Work instructions = Write out the full listing, matching it line for line.

Source material =
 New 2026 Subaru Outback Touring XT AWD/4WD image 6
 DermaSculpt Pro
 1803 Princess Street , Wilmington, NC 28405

Task solution =
 New 2026 Subaru Outback Touring XT AWD/4WD image 6
 DermaSculpt Pro
 1803 Princess Street , Wilmington, NC 28405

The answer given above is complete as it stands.